- _Input data_:
━━━━━━━━━━━━━━━━━━━━━━━━━━━━━━

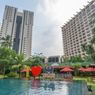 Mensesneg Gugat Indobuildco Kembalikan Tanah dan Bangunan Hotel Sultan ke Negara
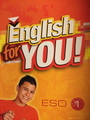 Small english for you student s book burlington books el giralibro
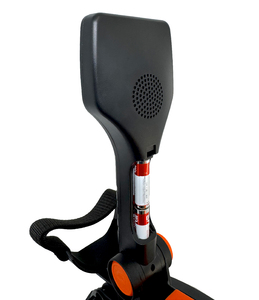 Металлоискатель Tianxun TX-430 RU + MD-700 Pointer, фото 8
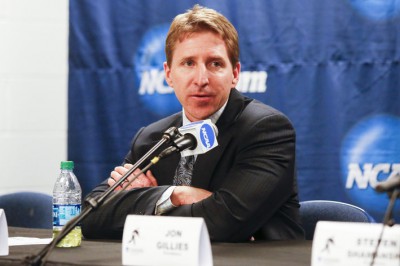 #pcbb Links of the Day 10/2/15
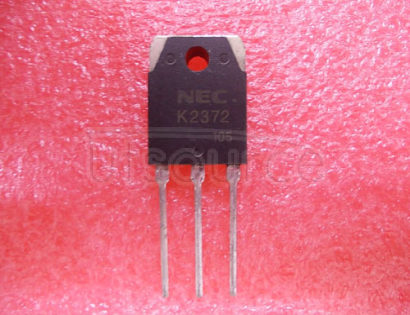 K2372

━━━━━━━━━━━━━━━━━━━━━━━━━━━━━━

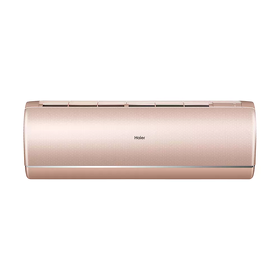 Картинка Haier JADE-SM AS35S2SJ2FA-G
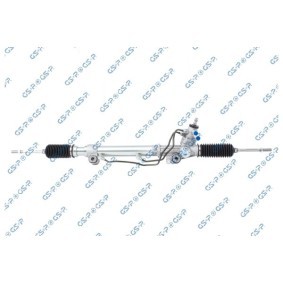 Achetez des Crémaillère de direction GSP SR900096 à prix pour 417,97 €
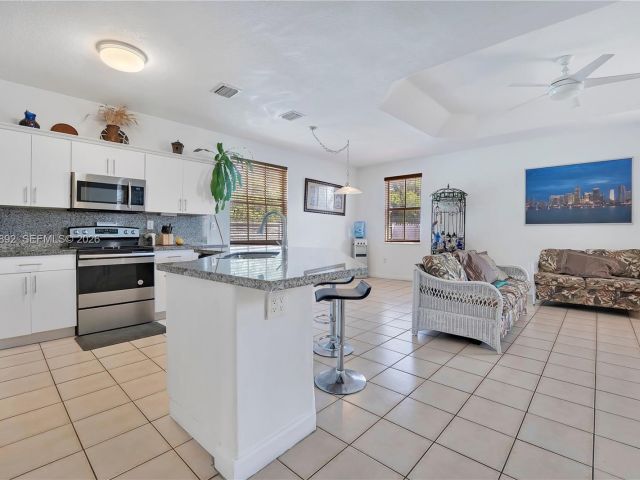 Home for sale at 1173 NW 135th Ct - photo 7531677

━━━━━━━━━━━━━━━━━━━━━━━━━━━━━━

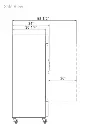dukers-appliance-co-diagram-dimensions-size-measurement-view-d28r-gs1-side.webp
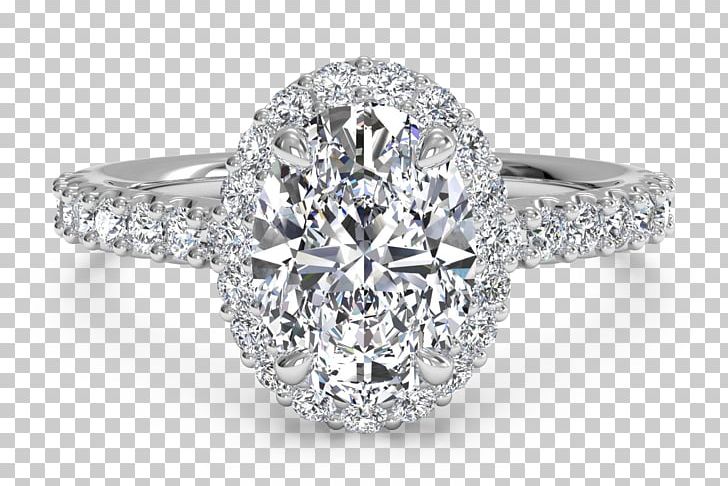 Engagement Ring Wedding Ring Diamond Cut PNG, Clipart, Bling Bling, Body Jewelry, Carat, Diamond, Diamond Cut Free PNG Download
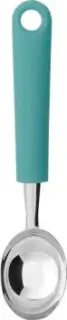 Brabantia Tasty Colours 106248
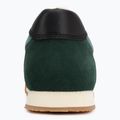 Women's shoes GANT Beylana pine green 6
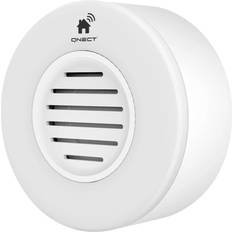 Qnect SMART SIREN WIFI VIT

━━━━━━━━━━━━━━━━━━━━━━━━━━━━━━

- _Task instructions_: Could you output exactly the lines above, from the line with "Achetez des Crémaillère" up to and including the line with "Home for sale", and nothing else, skipping the pictures?

- _Response to this exercise_:
 Achetez des Crémaillère de direction GSP SR900096 à prix pour 417,97 €
 Home for sale at 1173 NW 135th Ct - photo 7531677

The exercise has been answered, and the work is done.